Ryosuke Kuribayashi, PhD, deputy review director at the Office of Cellular and Tissue-based Products at Japan’s Pharmaceuticals and Medical Devices Agency, outlined Japan’s progress, saying that 32 products have been approved between 2009 and 2022, 23 of which were approved using comparative efficacy data and PK/PD data. Three filgrastim, 4 insulin, and 1 agalsidase beta biosimilars were approved without comparative efficacy data. Kuribayashi echoed the other speakers’ sentiments about PK and PD studies providing sufficient enough evidence to assure comparability of biosimilars and their innovator products.

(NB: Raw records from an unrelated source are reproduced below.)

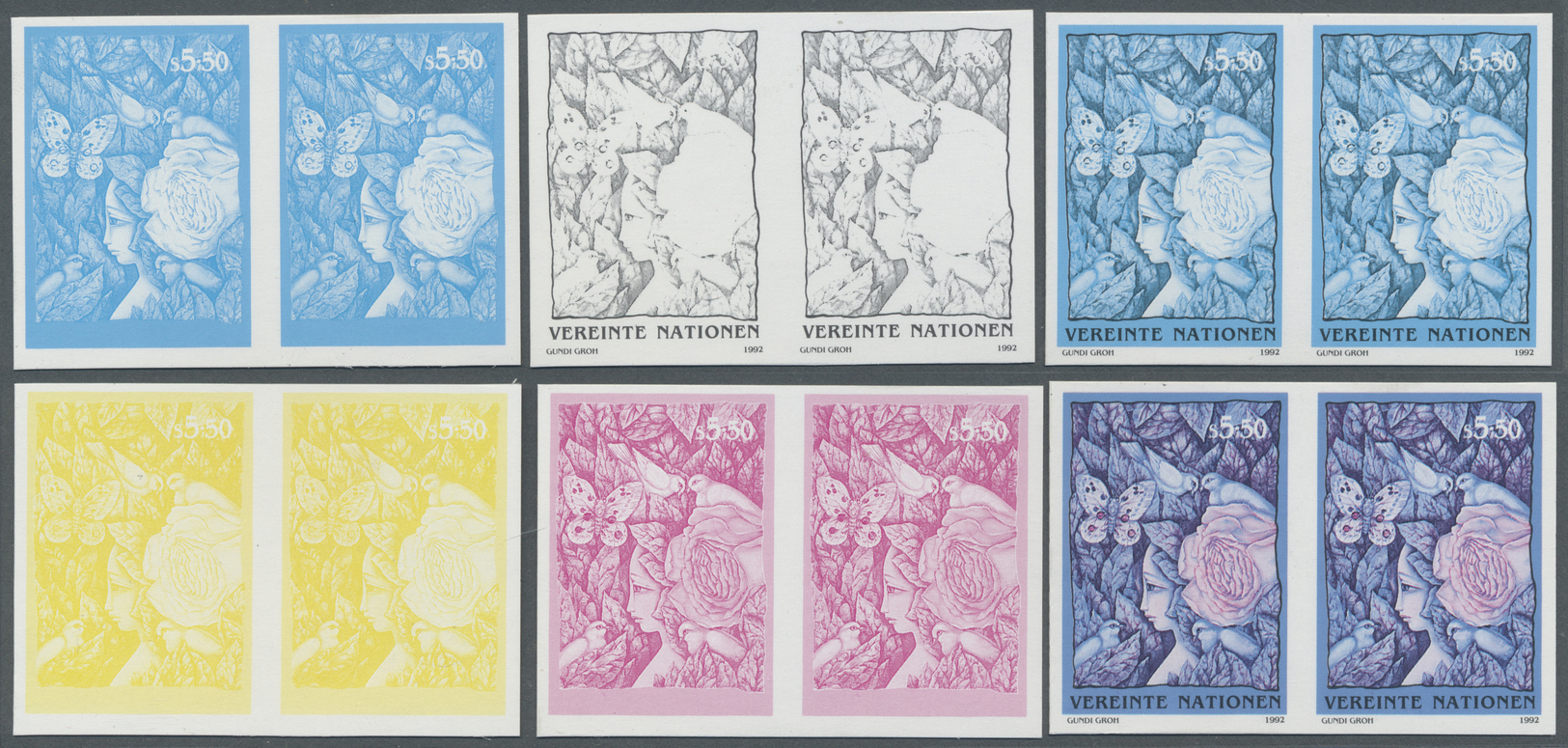 ** Vereinte Nationen - Wien: 1992. Progressive Proof (6 Phases) In Horizontal Pairs For The 5.50s Value Of The De - Neufs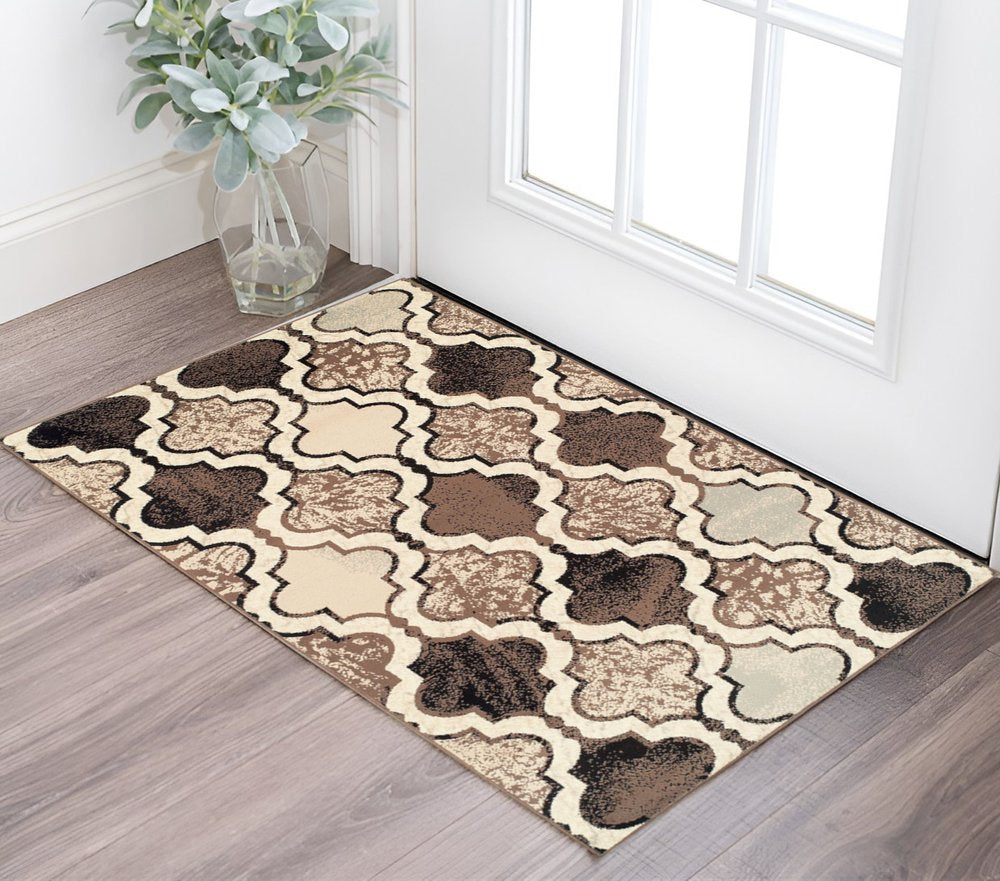 3' X 5' Ivory Brown And Black Quatrefoil Distressed Area Rug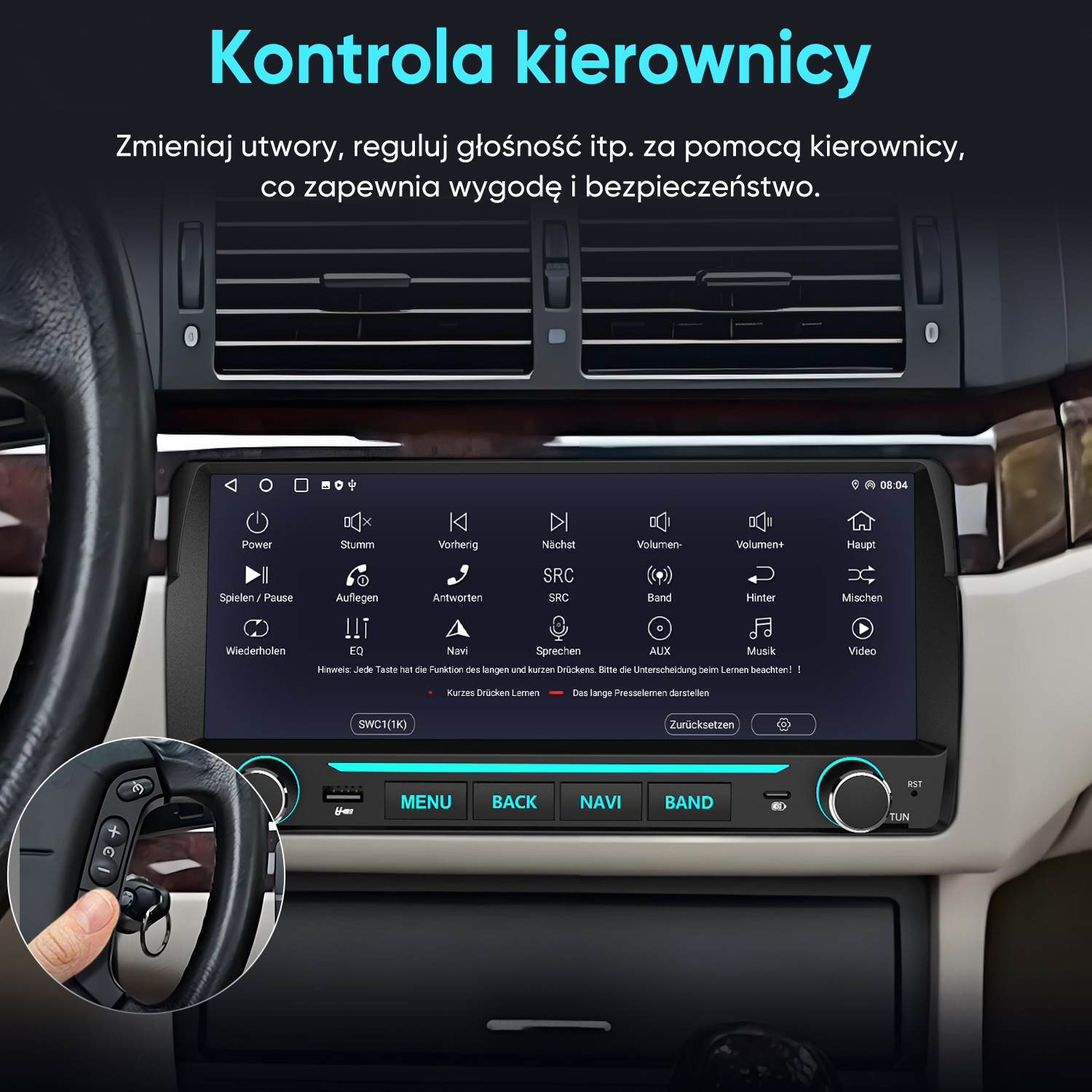 Deska rozdzielcza samochodu z ekranem multimedialnym, dotykowymi przyciskami i pilotem w kierownicy.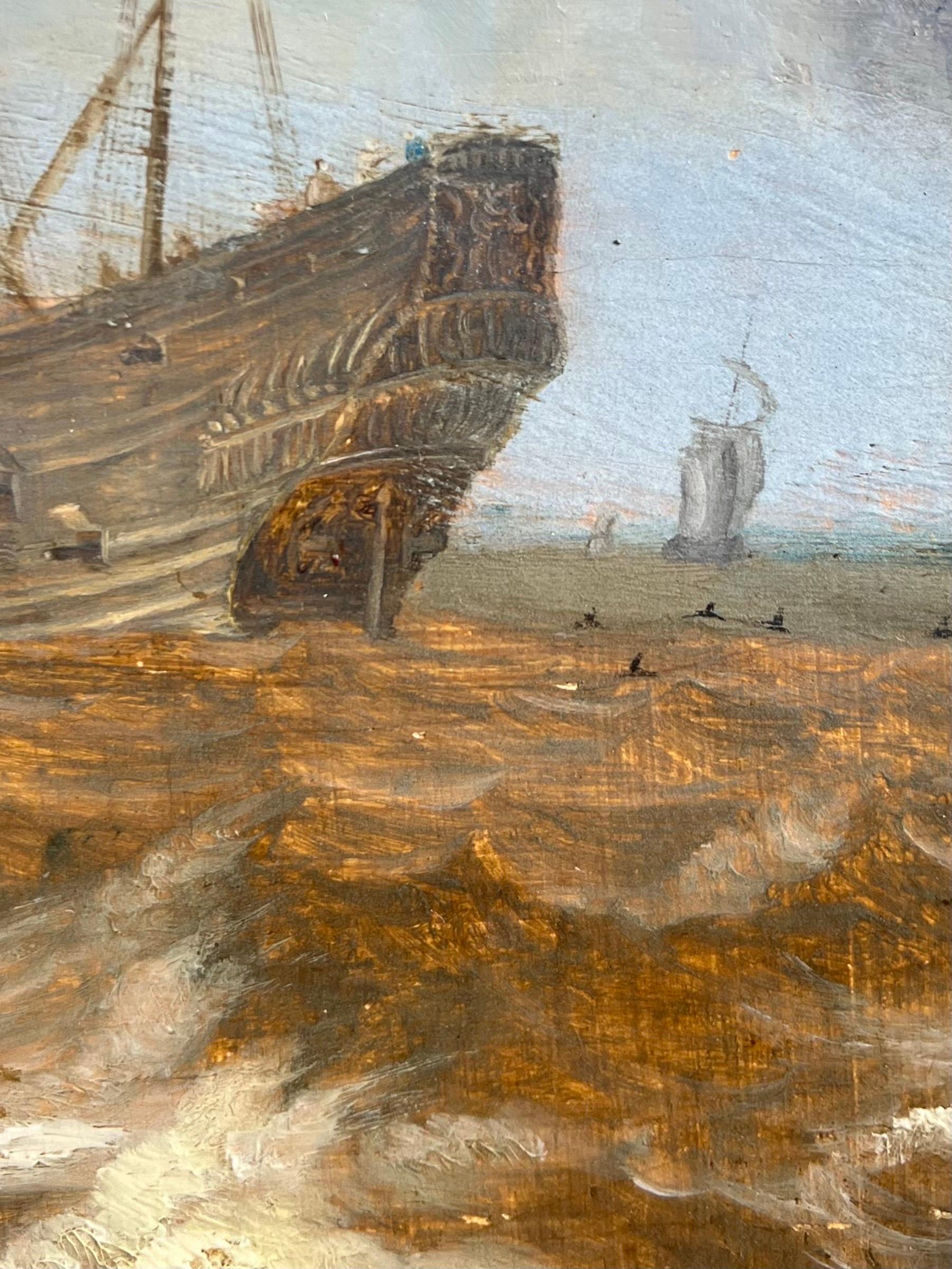 Niederländisches Seestück aus dem 17. Jahrhundert - Stürmische See mit einer holländischen Hoy - Marineboote im Angebot 3
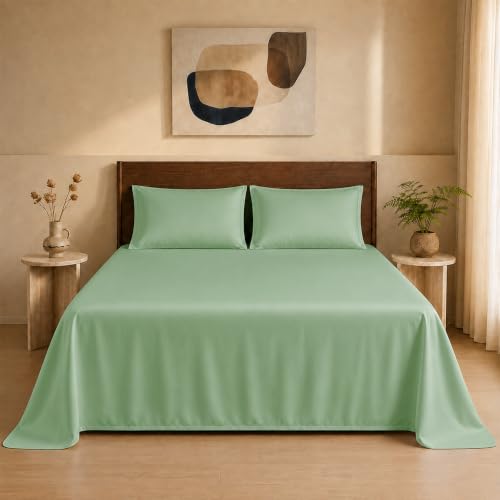 Image of HOMEMONDE 100% Bamboo King Size Flat Bedsheet with 2 Pillow Covers | 300 TC Luxury Cooling Bed Sheet | Ultra Soft, Breathable & Moisture Wicking | (Sage Green, 108x108 Inches)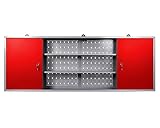 Ondis24 Werkzeugschrank Metall, Werkstattschrank 160x16x60 (H) cm, 2 abschließbare Türen, Hängeschrank mit Einlegeböden (rot)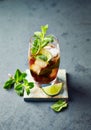 Cuba Libre in a Glass  rum with cola, lime, mint leaves and ice Royalty Free Stock Photo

Stacey M. Ricci, ScD, director of the scientific review staff, Office of Therapeutic Biologics and Biosimilars within the Office of New Drugs, Center for Drug Evaluation and Research, FDA, explained why the United States still relies on comparative efficacy data. Back when the biosimilar program was new and there was a lack of experience using biosimilars, there were theoretical concerns about safety and efficacy, and clinical efficacy end points were used to build confidence in the new drug development paradigm.

However, Ricci said that new science has shown a need to shift building confidence to comparative analytical data, with more efforts being directed at understanding functional analytical comparisons demonstrating that biosimilars are “highly similar” and can provide the same clinical performance as their reference products. She also stressed that more risk-based criteria are needed to justify when a limited clinical assessment is sufficient to complement analytical data to demonstrate biosimilarity.

Ricci concluded, “Once there’s an agreed upon approach for how to streamline clinical data expectations, then we as regulators can provide updates to our guidelines as appropriate.”